[Python-Dev] Re: Speed of test_sort.py
Thu, 01 Aug 2002 15:05:16 -0400
[Guido, pins the blame on PyFrame_New -- cool!]
> Suggestion: doesn't test_longexp create some frames with a very large
> number of local variables? Then PyFrame_New could spend a lot of time
> in this loop:
> while (--extras >= 0)
> f->f_localsplus[extras] = NULL;
In my poor man's profiling <wink>, I ran the self-contained test case posted
eariler under the debugger with REPS=120000, and since the "sort" part takes
20 seconds then, there was lots of opportunity to break at random times (the
MSVC debugger lets you do that, i.e. click a button that means "I don't care
where you are, break *now*"). It was always in that loop when it broke, and
extras always started life at 120000 before that loop. Yikes!
> There's a free list of frames, and PyFrame_New picks the first frame
> on the free list. It grows the space for locals if necessary, but it
> never shrinks it.
> Back to Tim -- does this make sense? Should we attempt to fix it?

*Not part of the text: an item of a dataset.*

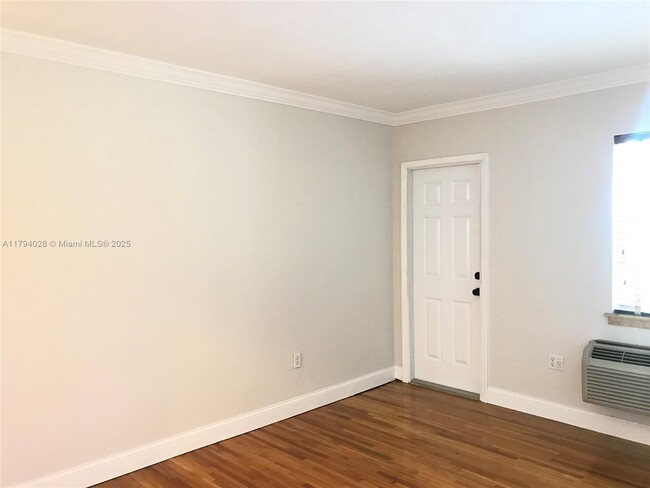 Building Photo - 35 Antilla Ave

I can't make sufficient time to think about this, but I suspect a principled
fix is simply to delete these two lines:
extras = f->ob_size;
The number of extras the code object actually needs was already computed
correctly earlier, via
extras = code->co_stacksize + code->co_nlocals + ncells + nfrees;
and there's no point clearing any more than that original value. IOW, I
don't think it hurts to have a big old frame left on the freelist, the pain
comes from clearing out more slots in it than the *current* code object
A quick test of this showed it cured the test_longexp + test_sort speed
problem, and the regression suite ran without problems.
If someone understands this code well enough to finish thinking about
whether that's a correct thing to do, please do!